The Mayor of Linz, Franz Dobusch, announced yesterday that the town will return the painting titled, Portrait of a Woman (Ria Munk) made by
Gustav Klimt to the descendants of a Jewish family who were robbed of it by the Nazis.
An independent expert has confirmed the painting was seized from Mrs Munk by the Nazis after she was deported to a concentration camp where she died in 1941.
Family lawyer Alfred Noll applied in 2007 for the return of the painting, which made its way into Linz's collection from an art dealer after the Second World War.
Gustav Klimt (July 14, 1862 – February 6, 1918) was an Austrian Symbolist painter and one of the most prominent members of the Vienna Art Nouveau (Vienna Secession) movement.
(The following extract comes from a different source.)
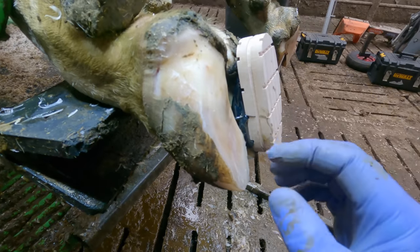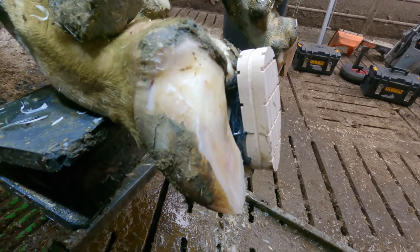Hopefully with putting on this block to rest this claw, that will give this cow noticeable comfort.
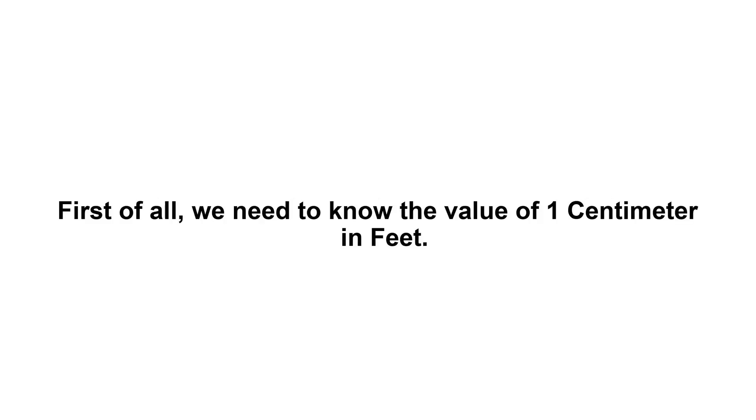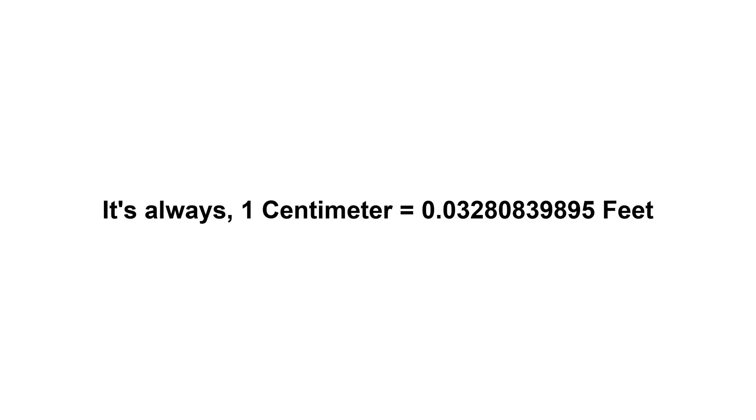2.5 centimeters in feet. First of all, we need to know the value of one centimeter in feet. It's always one centimeter equals 0.0328083989 feet.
His major works include paintings, murals, sketches, and other art objects, many of which are on display in the Vienna Secession gallery. Klimt's primary subject was the female body, and his works are marked by a frank eroticism--nowhere is this more apparent than in his numerous drawings in pencil.
Klimt became one of the founding members and president of the Wiener Sezession (Vienna Secession) in 1897 and of the group's periodical Ver Sacrum (Sacred Spring). He remained with the Secession until 1908. The group's goals were to provide exhibitions for unconventional young artists, to bring the best foreign artists' works to Vienna, and to publish its own magazine to showcase members' work. The group declared no manifesto and did not set out to encourage any particular style -- Naturalists, Realists, and Symbolists all coexisted. The government supported their efforts and gave them a lease on public land to erect an exhibition hall. The group's symbol was Pallas Athena, the Greek goddess of just causes, wisdom, and the arts -- and Klimt painted his radical version in 1898.